There are several reasons, in a non-drought year, that most people consider Oklahoma the greatest state for raising beef cattle. One of those reasons is that as a rule of thumb, Oklahoma forages do not have severe mineral deficiencies or high levels of mineral antagonists compared to forages in many other states. In 2022, the drought has led many of us to neighboring states for harvested forage, some of which are unconventional forage types. If you are in this situation, you may need to pay extra attention for your mineral program. We would suggest you get a feed analysis of your winter hay supply that includes mineral concentration. But, even with a test there are several mineral antagonists and unknown interactions that may occur.  Mineral supplementation to the cow herd is always a good idea, this year, it is of even greater potential benefit. 

Proper mineral and vitamin nutrition contributes to strong immune systems, reproductive performance and calf weight gain. Diets with mineral imbalances may cause poor animal performance, resulting in reduced profitability. Mineral requirements are dependent on forage mineral content, animal age and stage of production. However, simply knowing the animal’s requirement is only one component in evaluating an animal’s mineral status. Mineral needs also tend to be area specific and change with soil type, fertilization rates, rainfall and other factors.
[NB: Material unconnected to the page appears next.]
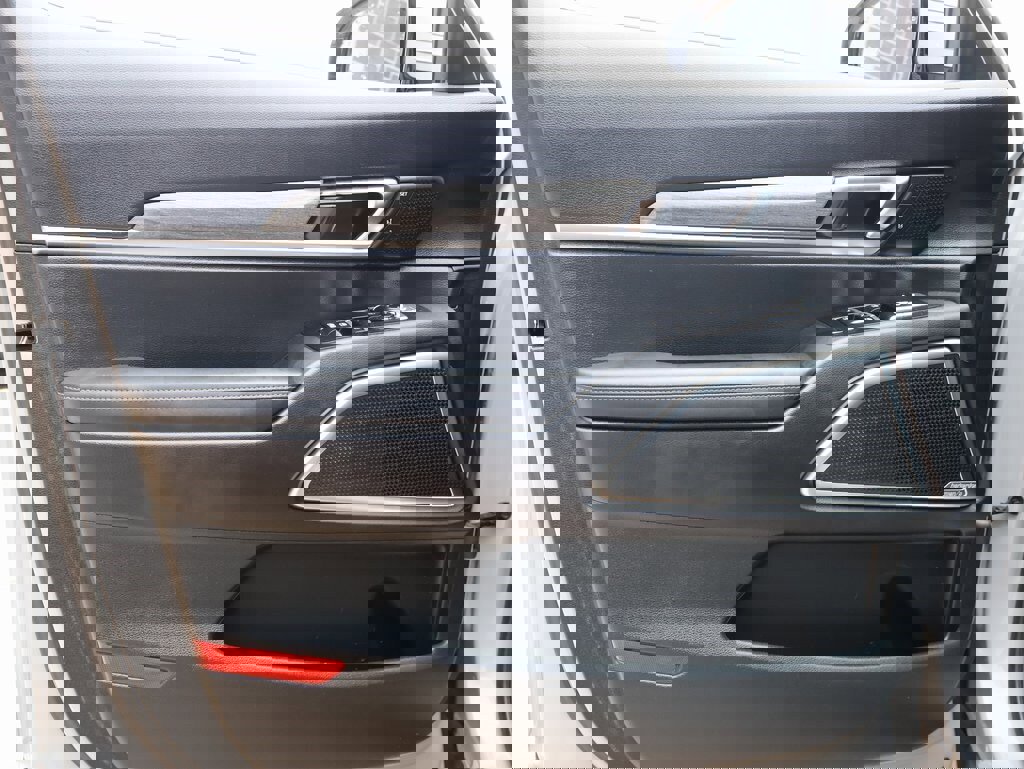 Used 2022 Kia Telluride SX w/ SX Prestige Package image 23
A mineral supplement that meets the cow’s macro mineral needs for things like calcium, phosphorus, and magnesium, can be fairly straight forward with a basic mineral program, but to get them bred back in a timely manner and to retain that pregnancy, delivering a highly available trace mineral supplement to the cow on a consistent basis is critical. Therefore, it is recommended producers ensure beef cows receive supplemental sources of these elements at least 60 days prior to calving through breeding and 30 days to 60 days prior to weaning.